2.1. Er bevinden zich te veel obstakels in de buurt van het oplaadstation. Verplaats het
oplaadstation naar een plaats zonder obstakels.
2.2. Maak de oplaadpoorten schoon.
2.3. Zorg ervoor dat de aan/uit-schakelaar aan staat.
2.4. De robot bevindt zich te ver van het oplaadstation. Plaats de robot dichter bij het
oplaadstation en probeer het opnieuw.
2.5. Er is te weinig vrije ruimte rond het oplaadstation of de oplaadpoorten zijn niet schoon.
Zorg ervoor dat de oplaadpoorten schoon zijn.
3.1 Schakel de robot uit, zet de schakelaar uit en schakel de robot opnieuw in.
3.2 Druk op de Back home knop terwijl de robot ingeschakeld is en niet in het oplaadstation
staat. Zodra u een pieptoon hoort laat u de knop los en drukt u nogmaals tot de robot spreekt.
Dit is de manier om de robot te resetten.
4. De centrale borstel, de zijdelingse borstels of het wendbaar wieltje zijn verstrikt. Schakel de
robot uit en maak hem schoon.
5.1. Het vuilreservoir is vol. Leeg het reservoir en maak de hoogrendementsfilter schoon als het
geblokkeerd is.
5.2. De hoogrendementsfilter is geblokkeerd, maak hem schoon.
5.3. De centrale borstel is verstrikt met een vreemd object, maak hem schoon.
6.1. Het wifisignaal is slecht.

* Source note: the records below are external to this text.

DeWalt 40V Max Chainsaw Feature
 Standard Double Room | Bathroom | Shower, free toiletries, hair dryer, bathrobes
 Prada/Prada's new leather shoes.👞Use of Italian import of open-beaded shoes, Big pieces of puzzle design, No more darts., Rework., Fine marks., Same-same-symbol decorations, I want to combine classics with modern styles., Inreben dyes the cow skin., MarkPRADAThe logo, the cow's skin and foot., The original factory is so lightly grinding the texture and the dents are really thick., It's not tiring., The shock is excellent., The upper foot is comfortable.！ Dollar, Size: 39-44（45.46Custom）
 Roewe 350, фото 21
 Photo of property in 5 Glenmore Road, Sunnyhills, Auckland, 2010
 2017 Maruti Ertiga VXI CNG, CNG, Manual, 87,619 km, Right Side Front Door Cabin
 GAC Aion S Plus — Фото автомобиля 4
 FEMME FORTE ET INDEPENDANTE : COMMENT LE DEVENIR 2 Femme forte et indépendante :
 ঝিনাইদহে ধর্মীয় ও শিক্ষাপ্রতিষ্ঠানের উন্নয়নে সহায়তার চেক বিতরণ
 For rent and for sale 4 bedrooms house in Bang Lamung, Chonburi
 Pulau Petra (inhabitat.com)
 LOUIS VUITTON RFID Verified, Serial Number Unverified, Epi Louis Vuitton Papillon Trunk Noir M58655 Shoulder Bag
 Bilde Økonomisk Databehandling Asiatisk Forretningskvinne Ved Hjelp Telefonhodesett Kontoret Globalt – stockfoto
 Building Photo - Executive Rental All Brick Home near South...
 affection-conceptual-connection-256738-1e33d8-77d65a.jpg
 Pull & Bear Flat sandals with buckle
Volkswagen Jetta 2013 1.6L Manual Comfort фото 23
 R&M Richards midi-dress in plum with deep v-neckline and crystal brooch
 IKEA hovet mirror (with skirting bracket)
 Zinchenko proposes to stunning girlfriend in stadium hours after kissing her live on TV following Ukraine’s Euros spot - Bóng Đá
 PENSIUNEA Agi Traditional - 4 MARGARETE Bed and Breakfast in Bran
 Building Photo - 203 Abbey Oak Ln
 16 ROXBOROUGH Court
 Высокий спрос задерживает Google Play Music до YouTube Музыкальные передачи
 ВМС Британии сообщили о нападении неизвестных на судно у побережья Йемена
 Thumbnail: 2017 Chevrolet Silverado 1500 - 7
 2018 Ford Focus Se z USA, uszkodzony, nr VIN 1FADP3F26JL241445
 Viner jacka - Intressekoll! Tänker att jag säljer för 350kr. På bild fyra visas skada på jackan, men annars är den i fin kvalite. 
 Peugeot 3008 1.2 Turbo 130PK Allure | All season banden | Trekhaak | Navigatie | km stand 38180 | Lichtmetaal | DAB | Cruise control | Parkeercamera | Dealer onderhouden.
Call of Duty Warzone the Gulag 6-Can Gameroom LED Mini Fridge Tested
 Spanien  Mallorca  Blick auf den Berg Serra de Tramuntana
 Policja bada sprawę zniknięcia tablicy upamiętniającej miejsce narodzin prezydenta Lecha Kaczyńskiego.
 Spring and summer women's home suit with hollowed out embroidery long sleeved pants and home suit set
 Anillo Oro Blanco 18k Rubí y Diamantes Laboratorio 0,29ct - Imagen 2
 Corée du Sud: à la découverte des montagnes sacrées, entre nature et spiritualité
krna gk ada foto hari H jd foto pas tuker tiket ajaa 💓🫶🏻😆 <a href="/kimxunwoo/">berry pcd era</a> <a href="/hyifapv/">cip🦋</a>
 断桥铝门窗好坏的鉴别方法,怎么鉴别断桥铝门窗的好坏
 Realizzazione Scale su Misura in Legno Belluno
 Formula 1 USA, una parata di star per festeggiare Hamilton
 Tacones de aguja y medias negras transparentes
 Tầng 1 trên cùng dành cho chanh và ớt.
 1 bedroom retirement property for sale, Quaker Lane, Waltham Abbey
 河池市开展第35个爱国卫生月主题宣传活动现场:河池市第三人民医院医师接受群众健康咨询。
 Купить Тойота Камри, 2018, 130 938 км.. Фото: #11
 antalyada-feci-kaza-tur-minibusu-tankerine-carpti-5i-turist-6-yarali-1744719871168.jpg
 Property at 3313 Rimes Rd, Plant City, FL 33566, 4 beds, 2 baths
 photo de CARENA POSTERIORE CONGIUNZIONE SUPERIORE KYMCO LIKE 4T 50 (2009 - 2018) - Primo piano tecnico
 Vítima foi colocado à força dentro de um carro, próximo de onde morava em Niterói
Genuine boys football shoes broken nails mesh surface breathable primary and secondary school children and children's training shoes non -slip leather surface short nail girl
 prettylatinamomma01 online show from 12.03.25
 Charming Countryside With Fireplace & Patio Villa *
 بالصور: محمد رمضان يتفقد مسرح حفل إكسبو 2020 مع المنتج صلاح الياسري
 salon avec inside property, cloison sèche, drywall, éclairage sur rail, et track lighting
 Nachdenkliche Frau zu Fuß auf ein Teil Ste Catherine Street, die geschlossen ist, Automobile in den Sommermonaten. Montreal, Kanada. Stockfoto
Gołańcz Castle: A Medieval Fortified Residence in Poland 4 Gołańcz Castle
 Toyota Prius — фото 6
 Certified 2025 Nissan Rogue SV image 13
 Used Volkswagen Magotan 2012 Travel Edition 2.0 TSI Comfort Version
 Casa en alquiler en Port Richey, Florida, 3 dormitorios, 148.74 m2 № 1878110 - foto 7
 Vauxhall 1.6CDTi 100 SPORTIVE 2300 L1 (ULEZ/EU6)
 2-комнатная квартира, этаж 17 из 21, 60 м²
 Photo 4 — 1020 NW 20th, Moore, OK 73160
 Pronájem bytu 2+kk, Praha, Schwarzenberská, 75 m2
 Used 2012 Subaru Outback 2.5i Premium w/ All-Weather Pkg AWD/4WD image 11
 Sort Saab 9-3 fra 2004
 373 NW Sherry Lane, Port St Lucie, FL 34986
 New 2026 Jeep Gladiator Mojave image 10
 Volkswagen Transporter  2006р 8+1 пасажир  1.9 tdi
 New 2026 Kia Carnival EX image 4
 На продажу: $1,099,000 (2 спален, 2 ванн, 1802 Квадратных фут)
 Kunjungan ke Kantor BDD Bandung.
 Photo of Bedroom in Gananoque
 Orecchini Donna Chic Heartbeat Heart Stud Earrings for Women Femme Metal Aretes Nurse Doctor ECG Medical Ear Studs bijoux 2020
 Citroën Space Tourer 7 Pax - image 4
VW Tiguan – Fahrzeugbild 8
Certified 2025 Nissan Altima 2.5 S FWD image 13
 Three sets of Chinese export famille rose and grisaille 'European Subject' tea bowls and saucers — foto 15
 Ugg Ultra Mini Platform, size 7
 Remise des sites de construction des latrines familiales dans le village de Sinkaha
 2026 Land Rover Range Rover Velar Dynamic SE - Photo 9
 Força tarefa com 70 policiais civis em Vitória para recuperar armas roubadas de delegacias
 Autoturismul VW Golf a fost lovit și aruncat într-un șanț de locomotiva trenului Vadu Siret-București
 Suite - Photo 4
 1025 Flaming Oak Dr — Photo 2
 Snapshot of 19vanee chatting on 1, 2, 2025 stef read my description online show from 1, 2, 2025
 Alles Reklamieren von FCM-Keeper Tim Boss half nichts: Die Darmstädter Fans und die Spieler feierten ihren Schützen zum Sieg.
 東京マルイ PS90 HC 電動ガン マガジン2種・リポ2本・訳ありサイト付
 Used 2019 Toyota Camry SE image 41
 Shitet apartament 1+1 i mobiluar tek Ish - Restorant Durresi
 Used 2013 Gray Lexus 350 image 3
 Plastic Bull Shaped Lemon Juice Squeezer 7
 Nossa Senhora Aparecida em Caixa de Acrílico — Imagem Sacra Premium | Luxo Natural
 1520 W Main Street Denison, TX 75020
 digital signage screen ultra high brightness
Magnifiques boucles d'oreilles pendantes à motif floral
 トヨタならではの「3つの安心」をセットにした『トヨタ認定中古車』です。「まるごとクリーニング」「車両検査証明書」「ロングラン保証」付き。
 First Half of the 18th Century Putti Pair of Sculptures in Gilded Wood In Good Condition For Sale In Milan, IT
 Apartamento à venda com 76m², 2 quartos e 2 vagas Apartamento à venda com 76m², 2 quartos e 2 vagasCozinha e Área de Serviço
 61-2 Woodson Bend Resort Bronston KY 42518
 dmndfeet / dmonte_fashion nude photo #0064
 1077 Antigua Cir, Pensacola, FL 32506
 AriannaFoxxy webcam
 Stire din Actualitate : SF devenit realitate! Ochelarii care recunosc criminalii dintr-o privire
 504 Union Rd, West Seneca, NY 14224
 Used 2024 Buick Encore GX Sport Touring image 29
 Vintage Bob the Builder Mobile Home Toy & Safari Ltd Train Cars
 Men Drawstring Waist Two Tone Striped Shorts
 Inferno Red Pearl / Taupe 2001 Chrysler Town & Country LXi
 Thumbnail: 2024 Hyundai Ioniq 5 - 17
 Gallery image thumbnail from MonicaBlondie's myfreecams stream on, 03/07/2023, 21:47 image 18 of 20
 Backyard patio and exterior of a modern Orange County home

Controleer het signaal.
6.2. De wifiverbinding is niet stabiel. Start de router opnieuw op, controleer of er updates zijn
voor de applicatie en probeer het opnieuw.
Schakel uw mobiele data uit om het verbindingsproces te optimaliseren.
7.1. Controleer of de robot in de nachtstand staat en verander de stand. De robot voert geen
geprogrammeerde schoonmaak uit als hij in de nachtstand staat.
7.2. Zorg ervoor dat de robot verbonden is met het netwerk. De robot kan geen geprogrammeerde
schoonmaak uitvoeren zonder verbinding.
8.1. De robot berekent en plant nadat hij heeft schoongemaakt in de puntsgewijze stand of
nadat hij van beginpositie is veranderd.
8.2. Als het oplaadstation te ver verwijderd is van de robot kan de robot niet automatisch
terugkeren. Breng de robot handmatig naar het oplaadstation.
9. Zorg ervoor dat de robot niet in de nachtstand staat. In deze stand hervat de robot de
schoonmaak niet. Als de robot handmatig op het oplaadstation geplaatst wordt hervat hij de
schoonmaak evenmin.
10. Zorg ervoor dat de robot correct verbonden is met het wifinetwerk en dat alle zones een
goed wifisignaal hebben.
11. Zorg ervoor dat de robot en het oplaadstation zich in een zone met een goed wifisignaal
bevinden. Start de router opnieuw op en probeer de robot nog een keer te verbinden.